# Disabling Raid in BIOS



## Legend1673 (Oct 21, 2009)

If this is posted in the wrong forum, please let me know.

I have a Dell OPTIPLEX 755 running XP Pro with 2 mirrored hard drives running RAID. 

The computer crashed which required a reinstall of WindowsXP.

Since I couldn't afford to lose the data on the hard drives, Dell tech support told me to physically disconnect one of the hard drives (HD#2) and then reinstall Windows with only the one hard drive installed (HD#1). They said once Windows was re-installed to disable RAID in the BIOS and then reconnect the 2nd hard drive and use it as a 2nd drive to transfer the needed data (setup as C:\ and D:\) 

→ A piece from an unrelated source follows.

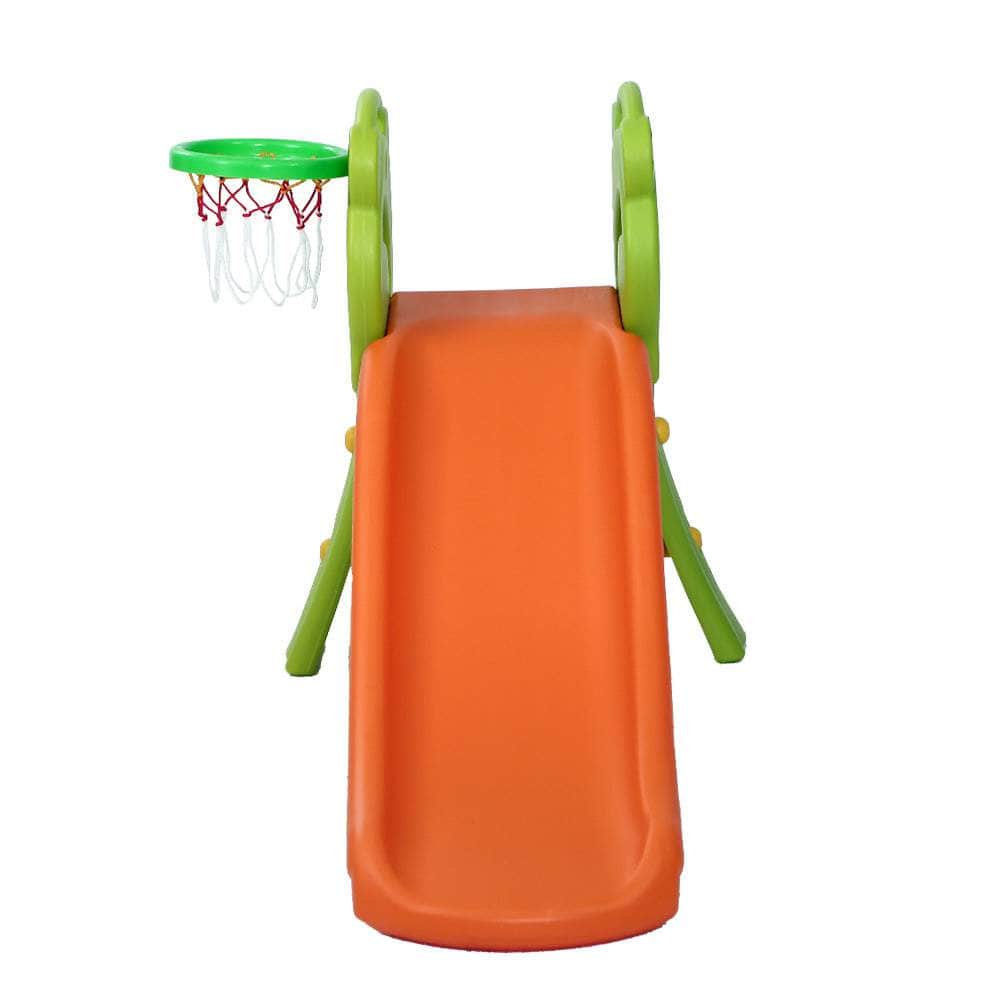 Outdoor Kids Slide Basketball Play Set Orange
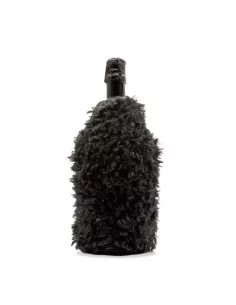 Glacette Morbida Raffredda Bottiglia con Eco Pelliccia Decorativa Nero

Problem is I can't figure out how to disable RAID. When I enter the BIOS settings (F2) I have 3 options:
1. Raid Autodetect / AHCI - RAID if signed drives, otherwise AHCI
2. Raid Autodetect / ATA - RAID if signed drives, otherwise AHCI
3. Raid ON

Any help on what I should do??

Thanks,
Jeff


----------



## IT-Tech (Oct 12, 2009)

Hi and welcome

I just looked at the user manual for this system. According to the documentation you will have to set your RAID to #2 - This will check for a signed drives and if it doesn't find them it will go to ATA mode.

Link to user manual:
http://support.dell.com/support/edocs/systems/op755/en/index.htm

Thanks!


----------